Sementara dari aspek ekonomi, lanjut Emil, pangan lokal seperti sagu, ubi jalar, dan keladi yang diolah secara tradisional umumnya tidak masuk dalam perhitungan ekonomi negara. Berbagai pangan lokal yang diambil dari alam ini juga belum memenuhi kriteria komoditas karena tidak ada investasi dan tidak melalui proses produksi secara modern.
Sebagai upaya melindungi pangan lokal, Emil memandang perlu pengumpulan data terkait tradisi pangan lokal di seluruh desa atau kampung di Indonesia. Pengumpulan data ini harus melibatkan kerja sama dengan berbagai pihak, mulai dari pemerintah, NGO, hingga akademisi.

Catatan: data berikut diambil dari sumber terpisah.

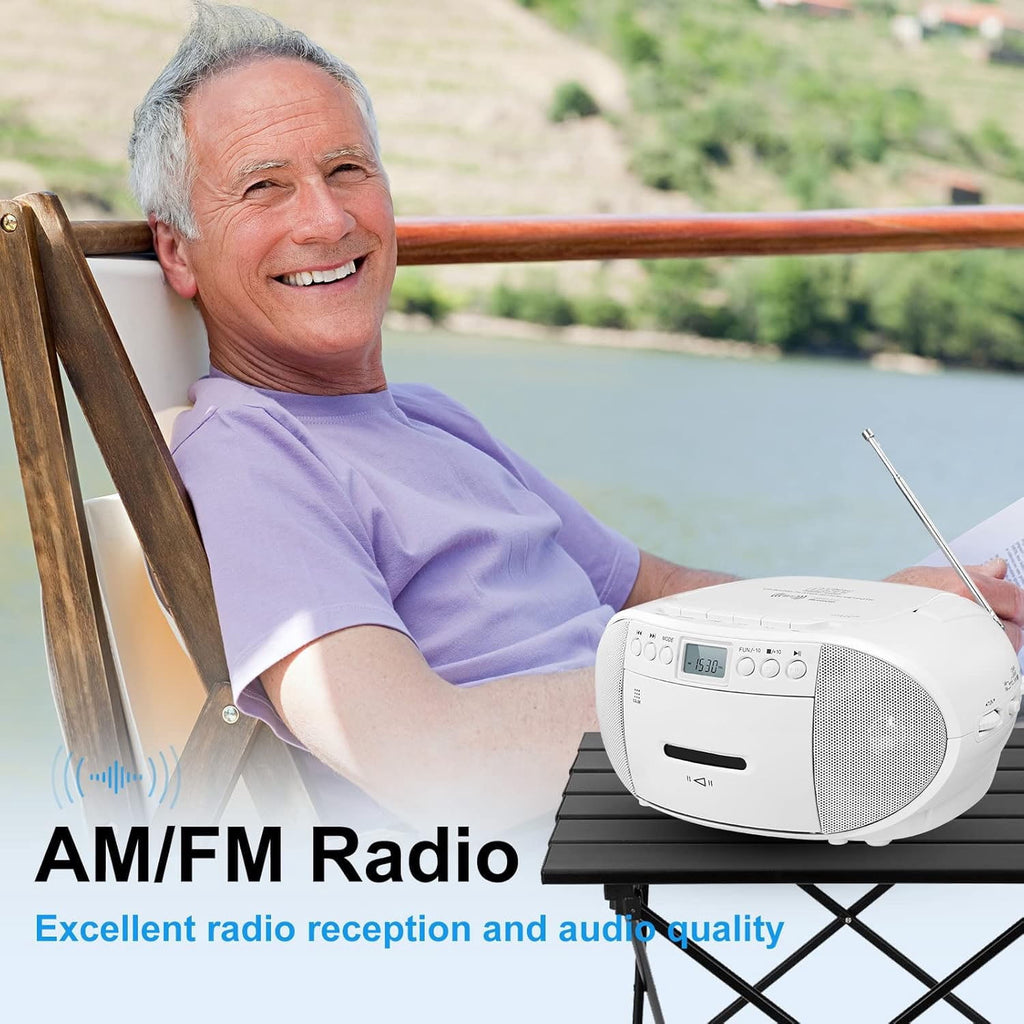 Prociv CD Player Boombox with Cassette Player Bluetooth AM/FM Radio Stereo Sound with Remote Control AUX/USB Drive Tape Recording AC/DC Powered Headphone Jack LCD Display for Home Senior Child Whi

Dampak El Nino saat ini juga akan membuat ketersediaan air dan produktivitas menurun. Artinya, ketahanan pangan juga terancam.
Selain itu, pihak-pihak terkait tersebut perlu membantu pengembangan teknik peningkatan produksi dan penyimpanan hasil panen sagu, ubi jalar, dan keladi. Hal ini bertujuan untuk mengantisipasi dampak perubahan iklim seperti cuaca ekstrem.
”Selama ini ada beberapa kampung di Papua yang masih bisa memperoleh dan menyimpan sagu di tanah. Syarat penyimpanan sagu ini harus di tanah basah dengan kedalaman satu meter. Namun, kondisi kemarau saat ini membuat tanah juga cepat kering,” tuturnya.
Penurunan produksi
Dosen dan peneliti pangan di Sekolah Ilmu dan Teknologi Hayati Institut Teknologi Bandung (ITB),Angga Dwiartama, mengutarakan, banyak hasil riset yang menunjukkan perubahan iklim berdampak terhadap penurunan produksi tanaman serealia seperti padi, jagung, dan gandum. Bahkan, penurunan produksi padi diperkirakan bisa mencapai 6 persen.
”Kenaikan suhu juga berefek terhadap komoditas singkong dan sagu, tetapi tidak sebesar komoditas nonserealia. Dampak El Nino saat ini juga akan membuat ketersediaan air dan produktivitas menurun. Artinya, ketahanan pangan juga terancam,” tuturnya.
Guna melepaskan diri dari ancaman ini, Angga menyebut pentingnya semua pihak, termasuk masyarakat, terus mendorong produksi pangan lokal. Hal ini juga sudah dilakukan beberapa kelompok atau komunitas masyarakat adat di desa-desa dengan membuat lumbung pangan lokal secara mandiri.
Direktur Ketersediaan Pangan Badan Pangan Nasional Budi Waryanto mengatakan, ancaman terhadap ketahanan pangan tidak hanya datang dari faktor perubahan iklim, tetapi juga kenaikan harga global dan pembatasan ekspor pangan. Dalam menyikapi hal ini, Badan Pangan Nasional telah mengoordinasikan sejumlah lembaga seperti Bulog dan kementerian terkait lainnya untuk mengamankan stok pangan.
”Salah satu fungsi Badan Pangan Nasional adalah sebagai lembaga yang bertugas menjaga ketersediaan serta stabilisasi pasokan dan harga. Jadi, kami berupaya untuk mendapatkan semua barang agar terdistribusi secepatnya ke daerah-daerah,” ucapnya.